During the summers of my younger childhood I remember going on a few vacations with my family, especially the one time when we went to Colorado and left in the night so it would be cooler while driving. This was before cars had air-conditioning. We went to the mountains and saw coal mines and we even visited the North Pole and saw Santa and the reindeer. We stayed in Boulder, and the swimming pool there at the motel was heated! In the car one day, my sister DeAnn and John were arguing and she accidentally poked him in the eye with a scissors. Other times during the summers we had family come and visit…our cousins, aunts and uncles from California and Alabama. We had a horse named Nelly and our parents would make us let our cousins ride her. We wanted to ride her when they were there but were told we could ride her when they were gone. This didn’t seem fair, somehow. But, the really good memory is when my dad and mom made homemade ice cream, from the fresh eggs, fresh cream and sometimes even fresh fruit.

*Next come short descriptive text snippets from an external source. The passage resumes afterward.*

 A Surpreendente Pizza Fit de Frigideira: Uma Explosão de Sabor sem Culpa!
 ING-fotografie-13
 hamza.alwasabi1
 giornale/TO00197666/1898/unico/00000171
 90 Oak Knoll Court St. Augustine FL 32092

We had a pear tree, peach trees, apple trees, cherry trees, and a big strawberry patch in Grandpa Laue’s garden.Back to the ice cream—my dad would buy a block of ice from Priebe’s (the grocery feed store in Vassar) and break it on the sidewalk in a gunny sack with a sledge hammer. We’d all take turns turning the crank and when it was done—you couldn’t turn the handle any more because it was frozen—we would get to lick the can. My favorite was Brown Bread (vanilla with Grape Nuts). We also had a big garden and we had to hoe and weed it. When the potatoes were ready dad would take the tractor and plow them turning the dirt in the row over exposing the white potatoes. We would pick up the potatoes in buckets. Then we’d take them to the basement where dad had built a 8’X10’ square lumber frame out of 2X12’s and we’d put the potatoes on the cool floor and they’d last all winter. Along the walls where the potatoes were, there were shelves lined with jars and jars of canned food—green beans, tomatoes, corn, pickles, peas, and carrots. A couple of summers before my mom died, she took her four daughters on a trip to California on the train to see her Dad and sisters, Betty, Geraldine, and Helen. John stayed home to help Dad. It was the first time I saw the ocean. And, I got to meet and see so many relatives I didn’t know. We got to see so many sights we’d never seen, the mountains, the dessert, big cities, freeways and palm trees.
It was a trip so wonderful; because it wasn’t long after that that she became sick.